Success rate (Total)

Duration (Total)

sub-01

230

567

03:54:27

09:47:11

0.578

0.781

797

0.723

13:41:38

sub-02

227

487

04:57:35

12:30:24

0.401

0.671

714

0.585

17:27:59

sub-03

176

451

04:49:38

11:57:19

0.432

0.698

627

0.624

16:46:57

sub-05

177

457

05:30:04

12:27:44

0.367

0.582

634

0.522

17:57:48

sub-06

134

468

04:25:41

13:37:40

0.627

0.857

602

0.806

18:03:22

Total

944

2430

23:37:27

60:20:19

0.481

0.718

3374

0.652

83:57:47

Event files and annotations

For each run, a _events.tsv file lists the timing of each repetition. A richer _desc-annotated_events.tsv file provides three categories of events:

  • button presses — every controller input;

  • in-game events — game-state annotations derived from RAM (kills, deaths, power-ups, etc.);

  • replay events — one entry per repetition with trial_type gym-retro_game, indicating which .bk2 replay was played at which onset.

Companion .bk2 replays, .mp4 videos, .json summaries, mapped RAM variables, and low-level visual features are provided alongside the events files.

In addition, the 22 levels are split into 313 short scenes annotated with 29 design patterns (23 from Dahlskog & Togelius, 2012, plus 6 contextual ones). See SCENES.md and the mario.scenes submodule for details and tooling to generate clip-level metadata, video, and memory dumps for each scene attempt.

Tutorials

The mario.tutorials repository provides a set of Colab-ready Jupyter notebooks that illustrate end-to-end use of the dataset on a single participant / single session, suitable for running on a laptop:

  1. Dataset overview — exploration of the BIDS layout and behavioral annotations.

  2. Event-based analysis — session-level GLM with hand-crafted action and game-event regressors and interpretable contrasts.

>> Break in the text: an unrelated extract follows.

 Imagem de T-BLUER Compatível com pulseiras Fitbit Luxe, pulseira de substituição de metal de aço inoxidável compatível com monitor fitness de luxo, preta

  3. Reinforcement learning — training a CNN-based RL agent on the same gameplay and extracting layer activations.

  4. Brain encoding — ridge-regression encoding models that map RL-agent activations onto BOLD signals, comparing layers.

The notebooks adapt and combine methodology from the shinobi_fmri and mario_generalization repositories.

Reference

A detailed description of the dataset and an associated modelling study are available in Paugam et al., bioRxiv 2025.